Friday, August 2, 2013

POST PARTUM HURRAH...almost

I do affirm and attest that yesterday, at or around the time of 14:30 Pacific Time (daylight savings) said author, George T. Thomas, heretofore known as The Silent Boomer, in a Starbucks beside Mill Plain Blvd. in the City of Vancouver in the State of Washington did complete, wrap up and, for all intents and purposes, put the quietus to a final rewrite of his novel, Angie's Choice, when said author completed work on said book's final chapter, Chapter Twenty-Two. Said author also reported extreme relief and attacks of "what do I do now?" Further, said author reported he is "put out" that due to certain past incidences of EEM (i.e. extreme exuberation malfunction) he may no longer pop a champagne cork and celebrate as he once did in the distant days of his inglorious past.

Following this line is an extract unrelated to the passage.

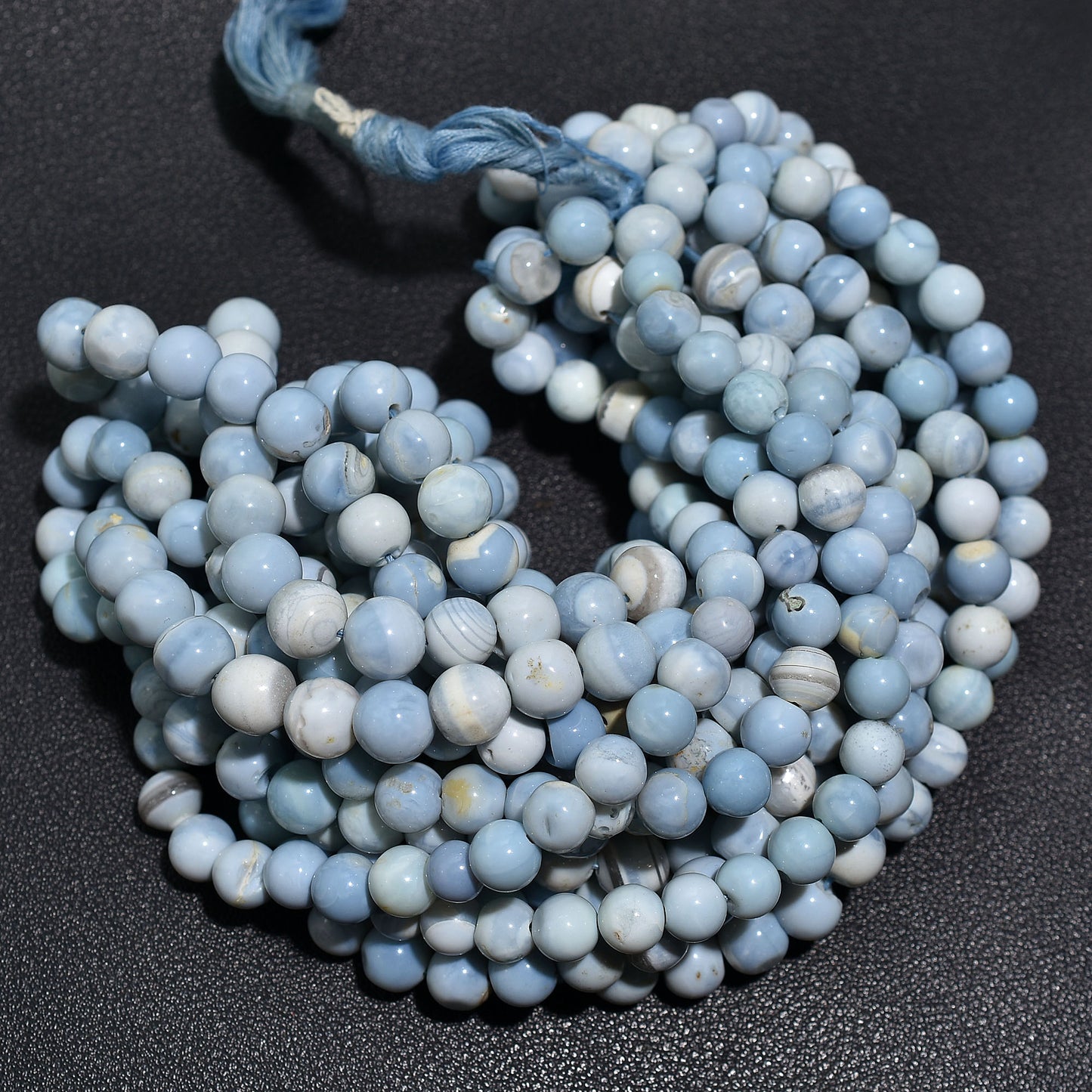 Heavenly Blue Opal Sphere Beads – Natural Gemstone Beads for Designers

It should be noted that said author also reports a contradiction, in that said novel, though finished, is not finished? Said author said he may invent an entirely new discussion in Chapter One of Angie's Choice in which the two couples talk about "Boomer stuff" rather than have a conversation about old time radio advertizing jingles as is now the case in said novel, he said. The said author further stipulates he believes the reader must be drawn closer to his four characters (Angie and Curtis Davis and Larry and Marcia Chadwick) as they sit chatting around a table cloth covered table at a restaurant dinner, so that said reader will be drawn to follow said couples deeper into the novel and care more about the horrific things that happen to said couples when they become the said hostages of said two paramilitary killers are even more affecting, he said. The author further said, with a shrug of his shoulders and a sad look on his features that he's having fourth thoughts about the book's title and the said use of the word "said", he said in my article about his said project.